You know you’re in Wellington when…
How would you finish that sentence, jokes aside? And how would you LIKE to be able to finish it? In other words what, ideally, would be the things that mark our town out as different to others? In other towns it might be a famous or prominent building – a castle, a cathedral or similar – that marks it out. Here in Wellington we’re pretty limited on that front. But sometimes it’s more modest features that help generate a sense of distinctiveness in a place; a series of little things.
I’ve talked before about distinctiveness on this blog, not because Wellington is more special than anywhere else, but simply because in an age when supermarkets and retail parks take most of us OUT of town for our shopping, the very fact of being different and memorable – of having an identity – is itself something that any small town has to strive for to bring people IN.
I’ve just got back from a long weekend in Northern Spain, which got me thinking. Spain, like a lot of European countries, presents visitors will a lot more regional variation that we tend to see in England. Yes, different parts of our country have different accents, different traditional foods, different traditional costumes or musical styles, but they’re rarely as visible here as in places like Spain. There are lots of historical reasons for this which we don’t need to go into here, but shouldn’t we do more to make our towns and counties memorable?
You know you’re in Wellington when… you walk down the street and there’s some sort of market or music performance bringing the place to life.
It would be great if that was how Wellington was known – a place where there’s always something going on. I was impressed in Oviedo how bustling the streets and squares are – cafes and bars spill out (in a way that adds to their appearance, rather than looking like clumsy encroachment as it can here) and markets add colour and movement.
In part these European places have the advantage of better weather, but not always – the climate in northern Spain is not so different to England, yet in the summer in particular their markets make the most of the good weather they do have.
Sounds in The Square has been H2A’s attempt to bring the streets to life in Wellington, and the Market Company has recently re-started the monthly farmers’ market, so that’s another step in the right direction. But we should be doing more – let’s invite buskers, travelling continental markets, open air street theatre, folk dancers and more.

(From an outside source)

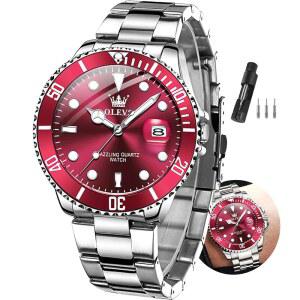 시계 남성 방수 럭셔리 빅페이스 스테인리스 스틸 데이 데이트 쿼츠 아날로그 드레스 남성용 야광 렐로제 드 홈브레 그린 / 블루 블랙 골드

You know you’re in Wellington when… you have your photo taken with the “The Writers’ Block” sculpture outside the library, sitting yourself between Philip Larkin and Hesba Stretton.
That’s just one idea for a sculpture in Wellington. We don’t have any, yet sculptures are something you see a lot of in Spanish towns – not just ancient bronzes of famous local worthies, but more recent additions that celebrate town crafts, trades and local characters.
In Oviedo at the weekend, I saw sculptures of market traders with pack horses, a group of fishwives and a deceased local tour guide on a bench. They are the things I will remember most vividly from the town. Some people might think sculptures are frivolous, but they make people smile, they provide a bit of a focal point in public spaces, and passers-by have their pictures taken next to them.
You know you’re in Wellington when… you see the same icon emblazoned on all the benches and lamp posts.
In Gijon, another town I visited in Northern Spain this weekend, the lamp posts and benches are adorned with an image of an ancient king of the region. In plenty of English towns you see something similar, often a town crest. Wellington has a crest of its own we could sprinkle around the place a bit more liberally, although as a relatively recent creation – it was made official about 60 years ago – there might be other images to go for. The foxglove, representing local doctor William Withering’s most important discovery, would be one obvious one. Another would be the Wrekin Giant (or alternatively the cobbler) –in fact that was a suggestion that came up as part of Ideas Farm recently. What do you think our civic icons should be?
So, there are just a few thoughts. Britain is not Spain or France or Italy – our culture is different and so are our towns. But there are lessons we should take in celebrating the things that make our towns interesting – in Wellington as much as anywhere.